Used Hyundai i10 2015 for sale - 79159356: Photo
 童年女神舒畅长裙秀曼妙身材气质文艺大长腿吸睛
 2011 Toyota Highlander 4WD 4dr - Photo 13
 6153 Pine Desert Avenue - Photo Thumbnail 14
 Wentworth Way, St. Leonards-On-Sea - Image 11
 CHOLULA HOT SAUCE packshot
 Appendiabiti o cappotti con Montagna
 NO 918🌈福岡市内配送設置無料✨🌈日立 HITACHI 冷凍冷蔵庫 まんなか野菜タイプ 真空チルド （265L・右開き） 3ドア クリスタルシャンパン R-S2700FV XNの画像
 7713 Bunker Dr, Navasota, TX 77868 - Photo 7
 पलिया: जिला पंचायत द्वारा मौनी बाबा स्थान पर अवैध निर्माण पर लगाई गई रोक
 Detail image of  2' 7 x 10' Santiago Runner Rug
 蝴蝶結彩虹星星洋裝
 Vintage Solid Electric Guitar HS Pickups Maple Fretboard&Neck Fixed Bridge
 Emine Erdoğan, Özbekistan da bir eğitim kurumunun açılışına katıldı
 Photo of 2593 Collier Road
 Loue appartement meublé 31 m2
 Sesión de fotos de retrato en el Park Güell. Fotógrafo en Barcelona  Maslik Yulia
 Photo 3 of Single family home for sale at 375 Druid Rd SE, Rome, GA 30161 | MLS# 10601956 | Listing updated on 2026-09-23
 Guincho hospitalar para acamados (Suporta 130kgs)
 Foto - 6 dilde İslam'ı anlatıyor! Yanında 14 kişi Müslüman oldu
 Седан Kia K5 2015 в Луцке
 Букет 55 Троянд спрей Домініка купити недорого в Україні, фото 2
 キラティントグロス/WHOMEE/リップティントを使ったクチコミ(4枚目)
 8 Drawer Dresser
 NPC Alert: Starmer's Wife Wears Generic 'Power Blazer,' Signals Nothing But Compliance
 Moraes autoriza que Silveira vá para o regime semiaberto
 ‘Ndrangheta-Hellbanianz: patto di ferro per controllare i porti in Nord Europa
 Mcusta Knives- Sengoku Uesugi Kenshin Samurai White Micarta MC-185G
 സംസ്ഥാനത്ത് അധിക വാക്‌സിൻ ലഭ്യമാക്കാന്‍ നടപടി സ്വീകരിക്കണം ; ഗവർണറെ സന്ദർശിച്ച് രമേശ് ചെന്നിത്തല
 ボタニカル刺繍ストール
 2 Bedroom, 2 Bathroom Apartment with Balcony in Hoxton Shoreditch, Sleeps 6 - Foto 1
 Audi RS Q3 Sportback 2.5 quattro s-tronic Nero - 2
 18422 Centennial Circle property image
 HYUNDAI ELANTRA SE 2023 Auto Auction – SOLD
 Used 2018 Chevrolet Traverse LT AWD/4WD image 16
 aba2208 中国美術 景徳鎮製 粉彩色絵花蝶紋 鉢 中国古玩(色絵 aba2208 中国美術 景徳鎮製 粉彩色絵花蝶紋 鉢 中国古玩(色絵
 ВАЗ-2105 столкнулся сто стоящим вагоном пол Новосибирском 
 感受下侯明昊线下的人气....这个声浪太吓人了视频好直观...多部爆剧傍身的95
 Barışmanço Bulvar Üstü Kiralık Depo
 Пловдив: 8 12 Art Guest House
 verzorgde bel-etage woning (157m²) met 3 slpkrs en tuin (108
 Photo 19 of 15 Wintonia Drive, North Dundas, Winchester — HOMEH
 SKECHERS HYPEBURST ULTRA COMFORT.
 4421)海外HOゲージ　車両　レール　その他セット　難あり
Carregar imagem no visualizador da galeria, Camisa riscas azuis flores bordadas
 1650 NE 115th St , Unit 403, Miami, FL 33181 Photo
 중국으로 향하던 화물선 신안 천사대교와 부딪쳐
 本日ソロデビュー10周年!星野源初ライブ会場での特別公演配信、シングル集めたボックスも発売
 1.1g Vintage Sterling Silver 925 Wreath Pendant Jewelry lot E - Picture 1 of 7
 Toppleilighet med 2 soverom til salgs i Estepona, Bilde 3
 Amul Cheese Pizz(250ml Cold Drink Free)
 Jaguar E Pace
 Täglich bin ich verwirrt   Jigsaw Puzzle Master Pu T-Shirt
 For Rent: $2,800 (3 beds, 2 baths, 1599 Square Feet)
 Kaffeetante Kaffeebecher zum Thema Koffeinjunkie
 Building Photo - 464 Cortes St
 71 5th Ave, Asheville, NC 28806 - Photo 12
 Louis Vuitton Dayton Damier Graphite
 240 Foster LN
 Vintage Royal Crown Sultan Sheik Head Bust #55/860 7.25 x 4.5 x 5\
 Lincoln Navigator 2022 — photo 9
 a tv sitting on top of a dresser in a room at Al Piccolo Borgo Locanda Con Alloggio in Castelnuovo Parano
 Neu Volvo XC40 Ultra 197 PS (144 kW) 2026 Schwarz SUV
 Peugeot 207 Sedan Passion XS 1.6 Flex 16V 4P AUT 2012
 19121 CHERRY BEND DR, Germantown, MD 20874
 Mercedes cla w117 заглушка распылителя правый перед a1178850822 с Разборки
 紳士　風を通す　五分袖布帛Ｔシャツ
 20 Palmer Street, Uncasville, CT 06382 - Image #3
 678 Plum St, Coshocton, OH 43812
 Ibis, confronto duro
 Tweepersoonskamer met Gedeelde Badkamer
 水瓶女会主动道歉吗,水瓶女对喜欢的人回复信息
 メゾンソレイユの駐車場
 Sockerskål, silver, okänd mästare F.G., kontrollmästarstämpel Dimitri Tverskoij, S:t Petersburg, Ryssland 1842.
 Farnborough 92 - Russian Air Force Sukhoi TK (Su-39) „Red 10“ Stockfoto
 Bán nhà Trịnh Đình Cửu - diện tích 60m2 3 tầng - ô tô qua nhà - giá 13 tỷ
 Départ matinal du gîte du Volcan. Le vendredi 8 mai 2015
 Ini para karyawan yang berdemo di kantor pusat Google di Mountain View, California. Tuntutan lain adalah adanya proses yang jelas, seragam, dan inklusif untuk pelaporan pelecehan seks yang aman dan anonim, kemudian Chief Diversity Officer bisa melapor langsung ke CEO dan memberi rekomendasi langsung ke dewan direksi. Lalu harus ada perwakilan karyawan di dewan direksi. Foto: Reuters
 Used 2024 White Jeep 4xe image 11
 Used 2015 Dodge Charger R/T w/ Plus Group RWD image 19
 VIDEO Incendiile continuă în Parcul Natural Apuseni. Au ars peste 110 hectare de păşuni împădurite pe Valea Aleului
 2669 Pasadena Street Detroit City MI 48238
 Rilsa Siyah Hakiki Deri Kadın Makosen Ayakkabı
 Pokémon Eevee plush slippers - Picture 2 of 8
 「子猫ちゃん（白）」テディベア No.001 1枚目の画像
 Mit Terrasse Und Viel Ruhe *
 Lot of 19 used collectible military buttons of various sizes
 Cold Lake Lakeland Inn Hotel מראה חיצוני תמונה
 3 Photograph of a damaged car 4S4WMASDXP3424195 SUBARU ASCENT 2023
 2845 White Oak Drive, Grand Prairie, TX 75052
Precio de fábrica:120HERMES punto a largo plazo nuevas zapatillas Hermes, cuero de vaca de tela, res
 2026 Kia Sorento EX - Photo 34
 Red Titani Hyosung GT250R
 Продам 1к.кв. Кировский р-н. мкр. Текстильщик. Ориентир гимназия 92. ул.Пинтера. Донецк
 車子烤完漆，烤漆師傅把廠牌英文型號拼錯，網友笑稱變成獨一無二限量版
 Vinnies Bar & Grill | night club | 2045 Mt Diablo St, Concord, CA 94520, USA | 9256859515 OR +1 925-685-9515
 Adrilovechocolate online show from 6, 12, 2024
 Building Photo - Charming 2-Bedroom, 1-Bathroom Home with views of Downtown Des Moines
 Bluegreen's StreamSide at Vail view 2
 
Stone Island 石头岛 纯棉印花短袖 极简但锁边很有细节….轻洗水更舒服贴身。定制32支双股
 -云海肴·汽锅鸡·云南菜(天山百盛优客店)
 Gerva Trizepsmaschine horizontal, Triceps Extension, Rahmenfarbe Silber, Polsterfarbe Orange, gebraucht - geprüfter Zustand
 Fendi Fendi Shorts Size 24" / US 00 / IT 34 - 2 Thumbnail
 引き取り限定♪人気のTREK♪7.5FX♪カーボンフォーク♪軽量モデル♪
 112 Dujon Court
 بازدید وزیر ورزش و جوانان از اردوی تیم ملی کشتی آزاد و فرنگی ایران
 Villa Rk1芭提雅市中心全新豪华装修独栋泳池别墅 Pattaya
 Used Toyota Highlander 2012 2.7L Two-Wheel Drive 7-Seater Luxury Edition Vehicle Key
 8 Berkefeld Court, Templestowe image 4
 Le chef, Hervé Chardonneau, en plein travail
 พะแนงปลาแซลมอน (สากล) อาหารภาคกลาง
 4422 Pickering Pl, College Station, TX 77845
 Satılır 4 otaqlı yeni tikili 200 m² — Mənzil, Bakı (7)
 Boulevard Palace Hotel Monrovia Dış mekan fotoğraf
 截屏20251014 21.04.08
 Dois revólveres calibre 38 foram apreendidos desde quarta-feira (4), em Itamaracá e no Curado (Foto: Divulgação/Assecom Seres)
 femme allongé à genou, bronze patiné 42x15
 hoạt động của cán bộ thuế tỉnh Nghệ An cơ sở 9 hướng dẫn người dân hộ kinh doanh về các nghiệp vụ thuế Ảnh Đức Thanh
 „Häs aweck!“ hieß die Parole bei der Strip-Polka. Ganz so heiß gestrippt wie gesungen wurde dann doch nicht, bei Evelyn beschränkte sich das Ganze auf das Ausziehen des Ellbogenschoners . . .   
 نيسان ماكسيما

★ ★ ★

→ **Exercise instructions**
With the line that has "Lincoln Navigator 2022 — photo 9" as the first and the line that has "メゾンソレイユの駐車場" as the last, repeat exactly that run of lines above and no more.

→ **Written solution**
 Lincoln Navigator 2022 — photo 9
 a tv sitting on top of a dresser in a room at Al Piccolo Borgo Locanda Con Alloggio in Castelnuovo Parano
 Neu Volvo XC40 Ultra 197 PS (144 kW) 2026 Schwarz SUV
 Peugeot 207 Sedan Passion XS 1.6 Flex 16V 4P AUT 2012
 19121 CHERRY BEND DR, Germantown, MD 20874
 Mercedes cla w117 заглушка распылителя правый перед a1178850822 с Разборки
 紳士　風を通す　五分袖布帛Ｔシャツ
 20 Palmer Street, Uncasville, CT 06382 - Image #3
 678 Plum St, Coshocton, OH 43812
 Ibis, confronto duro
 Tweepersoonskamer met Gedeelde Badkamer
 水瓶女会主动道歉吗,水瓶女对喜欢的人回复信息
 メゾンソレイユの駐車場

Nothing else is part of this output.